Social media caught fire early on in the day when CBS reporter Jason La Canfora went on “The NFL Today” and lied about Kaepernick’s future possible intentions.
“He’s not planning on kneeling. He’s going to donate all his jersey sales, and he’s planning on standing for the anthem if given the opportunity,” he said.
However, no one actually knows what Kaepernick would do, except Kaepernick. Because La Canfora never asked the former 49ers quarterback, he just assumed.
“I can’t say if they are true or not,” La Canfora tweeted. “Colin and I didn’t discuss.”
“Colin would have to address any future demonstrations,” he said in another tweet. “I didn’t ask him if he would sit or stand. Our chat primarily about his will to play.”
Instead of Twitter timelines being filled with reactions to what was actually happening on the field, most of the conversation was focused on La Canfora’s lie, and the outrage it caused.
However, this wouldn’t be a story, or a distraction, if NFL owners would stop blackballing Kaepernick. According to Yahoo Sports, since Kaepernick’s agent informed every team he was opting out of his contract with the 49ers on March 1, 64 quarterbacks have been acquired by teams across the league.
None of the quarterbacks have ever been one of the faces of the league or started in a Super Bowl — two things that Kaepernick accomplished within the last four years.
But if that wasn’t enough, Vice President Mike Pence and Dallas Cowboys owner Jerry Jones did things to help Kaepernick’s cause without even knowing it.
After posting the same picture to Twitter of himself at an Indianapolis Colts game that he used three years ago, Pence participated in one of the biggest publicity stunts of the year.

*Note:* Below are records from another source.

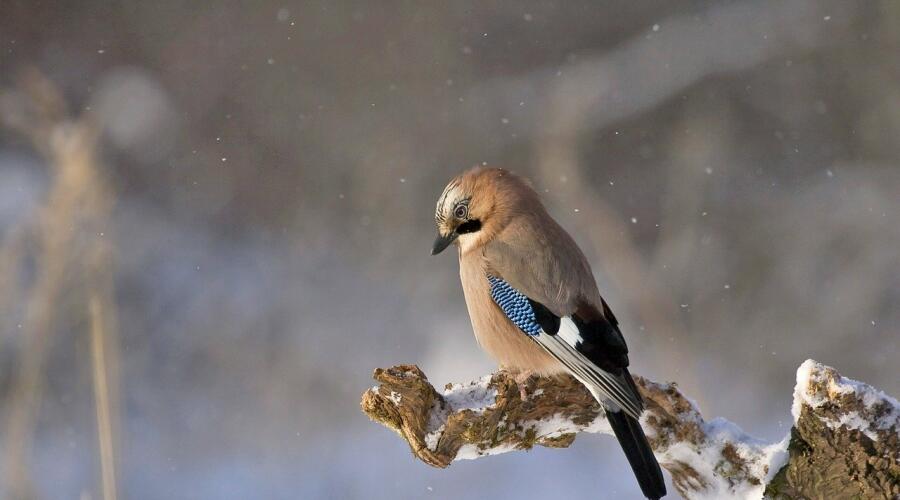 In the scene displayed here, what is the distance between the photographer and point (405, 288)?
527cm

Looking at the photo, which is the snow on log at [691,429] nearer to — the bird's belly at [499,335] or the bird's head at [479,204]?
the bird's belly at [499,335]

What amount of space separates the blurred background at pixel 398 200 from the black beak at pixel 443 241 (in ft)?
6.06

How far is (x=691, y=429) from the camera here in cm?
210

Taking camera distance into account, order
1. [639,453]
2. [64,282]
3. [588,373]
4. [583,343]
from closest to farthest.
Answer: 1. [639,453]
2. [588,373]
3. [583,343]
4. [64,282]

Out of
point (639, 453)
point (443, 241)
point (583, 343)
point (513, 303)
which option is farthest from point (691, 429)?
point (443, 241)

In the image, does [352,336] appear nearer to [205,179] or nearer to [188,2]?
[205,179]

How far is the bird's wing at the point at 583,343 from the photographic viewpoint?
6.81 ft

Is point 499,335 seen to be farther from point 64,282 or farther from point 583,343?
point 64,282

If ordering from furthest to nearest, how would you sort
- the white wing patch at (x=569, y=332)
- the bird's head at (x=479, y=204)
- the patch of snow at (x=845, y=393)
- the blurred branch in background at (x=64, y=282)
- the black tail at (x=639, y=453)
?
the bird's head at (x=479, y=204) < the blurred branch in background at (x=64, y=282) < the white wing patch at (x=569, y=332) < the black tail at (x=639, y=453) < the patch of snow at (x=845, y=393)

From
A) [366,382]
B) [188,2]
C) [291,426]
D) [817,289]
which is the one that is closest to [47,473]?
[291,426]

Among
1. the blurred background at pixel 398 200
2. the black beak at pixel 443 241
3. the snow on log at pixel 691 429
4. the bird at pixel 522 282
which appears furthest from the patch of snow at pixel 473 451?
the blurred background at pixel 398 200

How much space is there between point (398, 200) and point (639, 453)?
335cm

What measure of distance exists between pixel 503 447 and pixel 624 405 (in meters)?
Result: 0.26

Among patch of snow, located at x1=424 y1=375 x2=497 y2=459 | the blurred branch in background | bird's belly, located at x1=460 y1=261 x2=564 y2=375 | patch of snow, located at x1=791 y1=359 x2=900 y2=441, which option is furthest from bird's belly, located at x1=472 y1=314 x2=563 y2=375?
the blurred branch in background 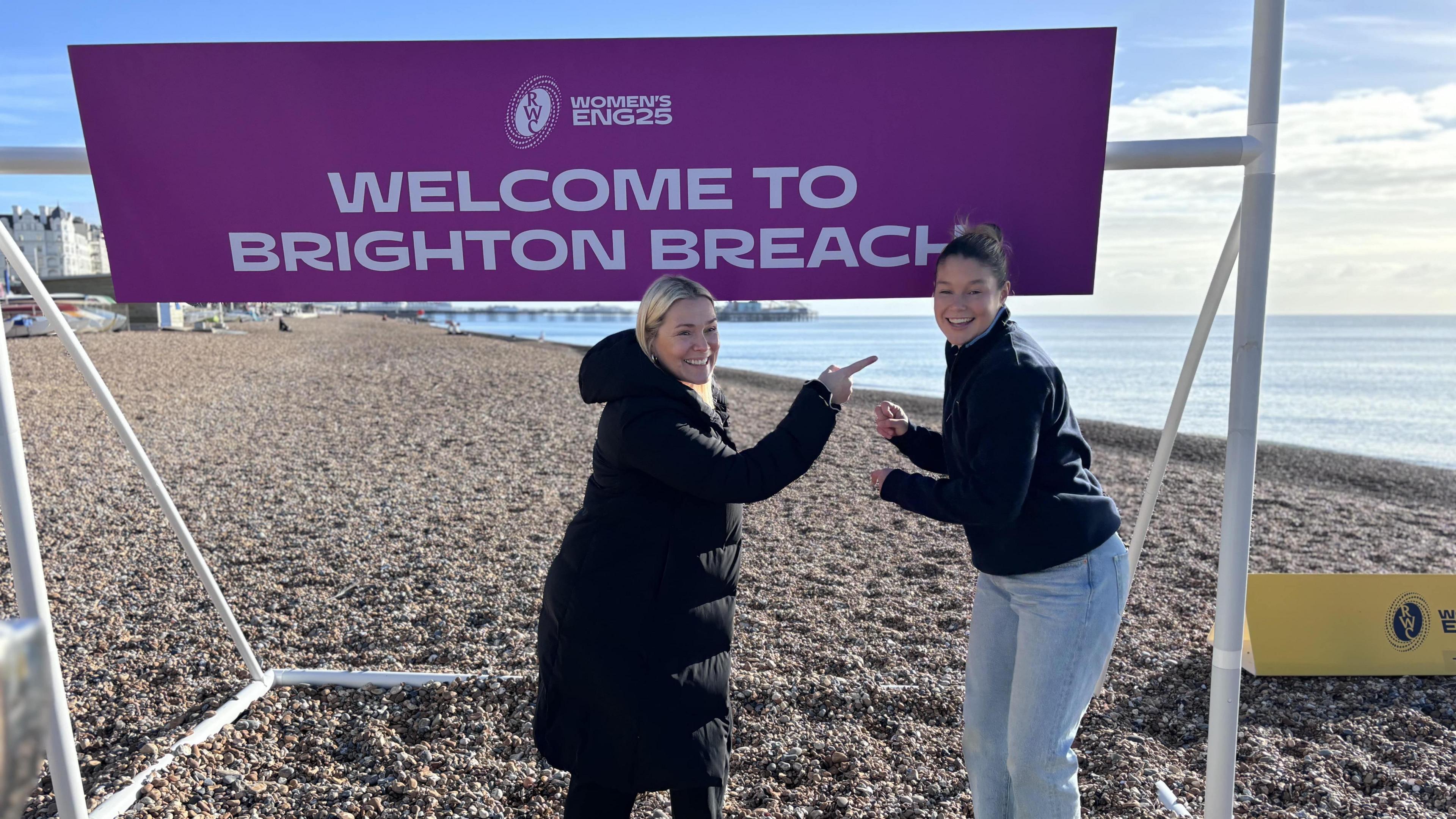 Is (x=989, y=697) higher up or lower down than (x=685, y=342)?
lower down

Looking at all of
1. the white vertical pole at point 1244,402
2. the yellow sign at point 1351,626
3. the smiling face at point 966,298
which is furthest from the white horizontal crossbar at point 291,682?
the yellow sign at point 1351,626

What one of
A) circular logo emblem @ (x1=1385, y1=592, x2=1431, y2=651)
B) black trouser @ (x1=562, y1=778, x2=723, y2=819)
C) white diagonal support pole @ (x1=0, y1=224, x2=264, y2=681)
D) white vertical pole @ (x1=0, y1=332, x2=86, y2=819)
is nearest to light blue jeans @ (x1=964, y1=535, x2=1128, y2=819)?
black trouser @ (x1=562, y1=778, x2=723, y2=819)

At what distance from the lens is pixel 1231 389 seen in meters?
2.65

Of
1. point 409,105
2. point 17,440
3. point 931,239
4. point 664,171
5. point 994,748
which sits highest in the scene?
point 409,105

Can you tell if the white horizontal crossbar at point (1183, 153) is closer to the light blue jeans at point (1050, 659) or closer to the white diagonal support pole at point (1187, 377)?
the white diagonal support pole at point (1187, 377)

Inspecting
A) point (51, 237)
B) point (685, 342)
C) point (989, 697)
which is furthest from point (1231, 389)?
point (51, 237)

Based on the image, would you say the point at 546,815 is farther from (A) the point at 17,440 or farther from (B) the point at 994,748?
(A) the point at 17,440

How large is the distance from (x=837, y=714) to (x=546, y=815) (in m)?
1.27

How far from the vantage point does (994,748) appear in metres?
2.34

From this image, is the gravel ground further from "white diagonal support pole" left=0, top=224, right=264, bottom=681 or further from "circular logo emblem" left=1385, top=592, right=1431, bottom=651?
"white diagonal support pole" left=0, top=224, right=264, bottom=681

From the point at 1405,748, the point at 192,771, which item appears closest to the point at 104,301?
the point at 192,771

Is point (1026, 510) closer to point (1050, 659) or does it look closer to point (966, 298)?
point (1050, 659)

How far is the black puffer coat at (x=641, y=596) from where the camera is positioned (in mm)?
2100

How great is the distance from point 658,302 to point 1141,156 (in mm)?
1651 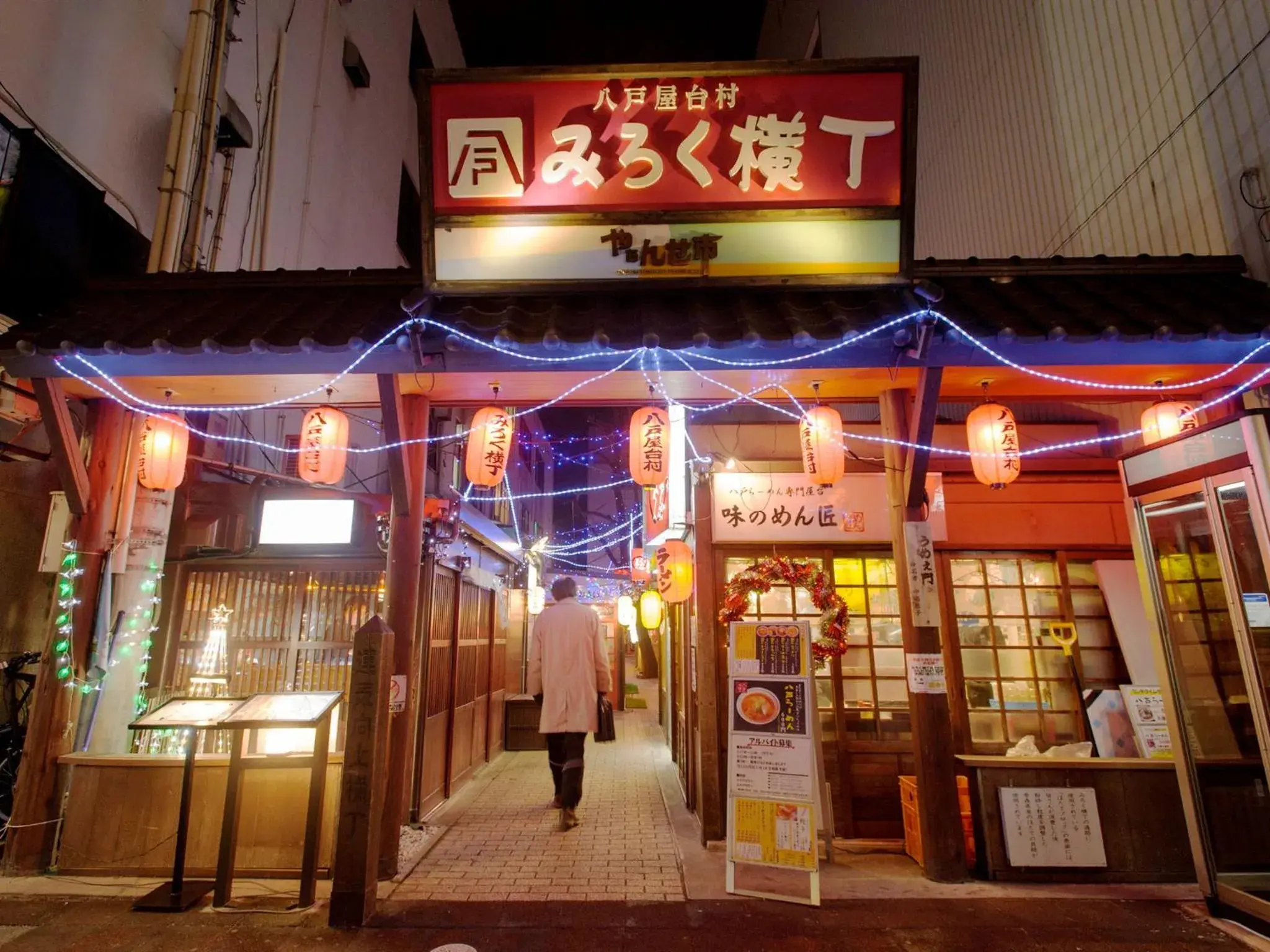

According to Pence, the former Indiana governor left the game between the Colts and the 49ers, Kaepernick’s old team that’s had the most players to date kneel during the anthem, because @POTUS and I will not dignify any event that disrespects our soldiers, our Flag, or our National Anthem.”
Mind you, Pence was doubling back from the West Coast, and according to reports, the pool of reporters that were with him didn’t come inside Lucas Oil Stadium because they were told that the “vice president might be leaving the game early.”
“Manipulation of faux patriotism took new turn today with VP Pence. Preplanned early exit from Colts game after 49ers kneeled, then tweets,” Norman Ornstein, a resident scholar at the conservative American Enterprise Institute, commented on Twitter.
So, for everyone who feels like sports and politics shouldn’t mix, or that a football game isn’t the right place to flaunt politics, take it up with Pence.
Last November, Pence was addressed by the cast of “Hamilton” about fears that this new administration wouldn’t protect minorities like themselves, and said he wasn’t offended by what the cast said to him, or by the boos he received when he walked into the theatre. White privilege sure loves to cherry-pick which protests they deem acceptable.
But wait, there’s more. Jerry Jones, the same NFL owner that’s signed domestic abusers and has had players charged with intoxication manslaughter on his roster, has reportedly threatened to bench any player that kneels for the anthem.
President Trump reportedly blew Jones’ phone up last week asking him not to let players take a knee for the anthem.
“If there is anything disrespecting the flag, then we will not play. Period,” Jones said. “We’re going to respect the flag and I’m going to create the perception of it.”
A line has been drawn in the sand in Dallas. But it’s not as risque as one might think. To date, there hasn’t been a single Dallas Cowboy to kneel during the national anthem.
By making the statement, Jones comes off as looking like a tough guy, when in actuality he’s portraying the mindset of a slave master. Why say it if no one has kneeled? Now, black and brown members of the Cowboys have to make a decision: Challenge the rules, or be labelled a sellout.
A team whose biggest stars are all black (Dak Prescott, Ezekiel Elliott, and Dez Bryant) now have to spend all week defending their blackness, on top of answering questions about their underwhelming 2-3 start to the season.